Personification is a form of figurative language where the writer attributes human characteristics to something that’s not human. It’s easiest for humans to relate to things that are human or have human traits. By using human characteristics to describe an object, animal, place, or occurrence in your writing, you can help the reader better relate to your writing.
Let’s do two quick exercises to practice identifying personification in writing. First, let’s look at a poem by Emily Dickinson, who is famous even today for her personification of nature. She writes:
Have you got a brook in your little heart,
Where bashful flowers blow,
And blushing birds go down to drink,
And shadows tremble so?
Emily Dickinson is writing about a person’s heart—the hidden thoughts and shy desires that not everyone is keen to share. She does this by comparing the heart to a landscape and using three examples of personification: bashful flowers, blushing birds, and trembling shadows. We know that flowers don’t have emotions, and therefore are incapable of being bashful, but this imagery helps us imagine the drooping flowers and feel some kinship with them. The same goes for the blushing birds and trembling shadows.

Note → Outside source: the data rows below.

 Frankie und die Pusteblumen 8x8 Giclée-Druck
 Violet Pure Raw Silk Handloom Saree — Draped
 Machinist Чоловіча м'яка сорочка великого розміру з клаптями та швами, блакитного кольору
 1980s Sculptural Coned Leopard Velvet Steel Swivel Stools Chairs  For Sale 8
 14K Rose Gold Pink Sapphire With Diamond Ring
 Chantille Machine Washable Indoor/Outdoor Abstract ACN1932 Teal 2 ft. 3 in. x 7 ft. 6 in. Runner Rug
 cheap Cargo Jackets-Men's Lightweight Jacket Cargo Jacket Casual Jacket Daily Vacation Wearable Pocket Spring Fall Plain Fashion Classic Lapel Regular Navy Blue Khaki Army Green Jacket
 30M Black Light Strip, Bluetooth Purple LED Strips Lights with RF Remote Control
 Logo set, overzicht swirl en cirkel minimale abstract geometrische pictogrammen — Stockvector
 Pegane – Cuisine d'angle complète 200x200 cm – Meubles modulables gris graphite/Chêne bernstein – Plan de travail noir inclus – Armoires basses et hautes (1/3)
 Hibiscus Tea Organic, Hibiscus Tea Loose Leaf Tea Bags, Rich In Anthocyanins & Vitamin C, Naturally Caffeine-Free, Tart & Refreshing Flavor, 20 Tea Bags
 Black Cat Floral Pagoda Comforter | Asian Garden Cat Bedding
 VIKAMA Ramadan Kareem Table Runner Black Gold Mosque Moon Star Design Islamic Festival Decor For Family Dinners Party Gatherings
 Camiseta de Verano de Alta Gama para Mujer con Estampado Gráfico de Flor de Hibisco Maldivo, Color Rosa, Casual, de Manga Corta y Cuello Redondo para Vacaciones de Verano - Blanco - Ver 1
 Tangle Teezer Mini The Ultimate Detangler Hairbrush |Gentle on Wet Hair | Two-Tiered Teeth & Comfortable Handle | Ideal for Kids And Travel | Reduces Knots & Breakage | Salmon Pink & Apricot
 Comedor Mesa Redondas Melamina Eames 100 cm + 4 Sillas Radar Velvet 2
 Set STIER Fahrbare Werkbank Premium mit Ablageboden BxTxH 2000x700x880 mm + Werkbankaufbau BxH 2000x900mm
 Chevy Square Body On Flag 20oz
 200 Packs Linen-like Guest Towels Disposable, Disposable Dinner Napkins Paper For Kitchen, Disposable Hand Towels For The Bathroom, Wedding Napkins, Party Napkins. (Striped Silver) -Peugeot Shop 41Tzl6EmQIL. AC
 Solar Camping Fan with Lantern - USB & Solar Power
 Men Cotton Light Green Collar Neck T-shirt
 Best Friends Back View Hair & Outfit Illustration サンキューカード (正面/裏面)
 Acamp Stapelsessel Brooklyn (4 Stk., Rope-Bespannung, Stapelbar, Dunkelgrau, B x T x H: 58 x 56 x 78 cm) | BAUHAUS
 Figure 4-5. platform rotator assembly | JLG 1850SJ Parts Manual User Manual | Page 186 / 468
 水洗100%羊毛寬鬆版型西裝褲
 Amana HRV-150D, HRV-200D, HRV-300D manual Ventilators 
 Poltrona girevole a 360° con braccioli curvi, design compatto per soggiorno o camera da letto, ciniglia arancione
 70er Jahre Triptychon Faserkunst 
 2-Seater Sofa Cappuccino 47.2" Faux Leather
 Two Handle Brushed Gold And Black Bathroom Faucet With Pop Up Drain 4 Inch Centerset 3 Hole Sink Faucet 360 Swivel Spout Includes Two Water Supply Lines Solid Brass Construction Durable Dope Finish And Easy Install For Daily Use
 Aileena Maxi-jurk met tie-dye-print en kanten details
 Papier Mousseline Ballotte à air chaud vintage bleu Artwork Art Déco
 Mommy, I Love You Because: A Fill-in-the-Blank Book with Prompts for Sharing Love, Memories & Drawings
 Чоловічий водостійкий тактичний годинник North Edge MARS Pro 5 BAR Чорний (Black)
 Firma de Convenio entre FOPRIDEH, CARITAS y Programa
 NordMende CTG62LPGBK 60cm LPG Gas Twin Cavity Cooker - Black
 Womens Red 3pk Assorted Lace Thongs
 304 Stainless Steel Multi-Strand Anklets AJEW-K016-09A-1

Personification is common in literature, but let’s look at it in these famous lines from advertising to make sure we can quickly recognize it in our everyday life.
How about the Oreo cookie slogan?
Oreo: Milk’s favorite cookie.
Or perhaps the slogan for Kleenex facial tissues:
Kleenex says bless you.
Does milk have a mind or personality? Is it possible for milk to literally have a favorite? Not at all, but personification helps the customer feel closer to the product, just as we know Kleenex doesn’t possess the mind or ability to literally bless someone, but we can still feel comforted by this inanimate object because of the advertiser’s clever use of personification.
So when should you use personification in your own writing? It’s the most appropriate in descriptive or narrative writing. As you saw in the earlier example, personification is often employed in poetry, as well as creative fiction. It’s rare to use personification in an essay or report, although a well-crafted example could help grab the reader’s attention.
It’s important to remember that personification isn’t just a way to be creative in your writing. It can add humor, point out truth, and invite the reader to a deeper emotion. When John Milton wrote,
Earth felt the wound
And Nature from her seat
Sighing, through all her works,
Gave signs of woe
He was not just describing Earth in a creative way—he was inviting you as a reader to think about the planet as a living thing, to understand what he was describing as the fall of man in the context of human physical suffering. It gives a reader pause.
One last thing before we go: sometimes personification is mixed up with another long word in literary analysis: anthropomorphism. Anthropomorphism is an extreme kind of personification in which animals or objects are described as if they were really people talking, walking upright, and thinking critically. This is stronger than simple personification, which could describe something with human terms without implying it had a consciousness.
For example, if you read, “The wolf accused the moon with his lonely howl,” you might feel sympathy for the wolf but you would hardly jump to the assumption that the wolf had human thoughts. Anthropomorphism, on the other hand, is something like Winnie the Pooh, or the GEICO gecko. Here we see non-human animals and objects that literally walk and talk like humans. It’s stronger than personification and is less subtle.
I hope you found this video helpful!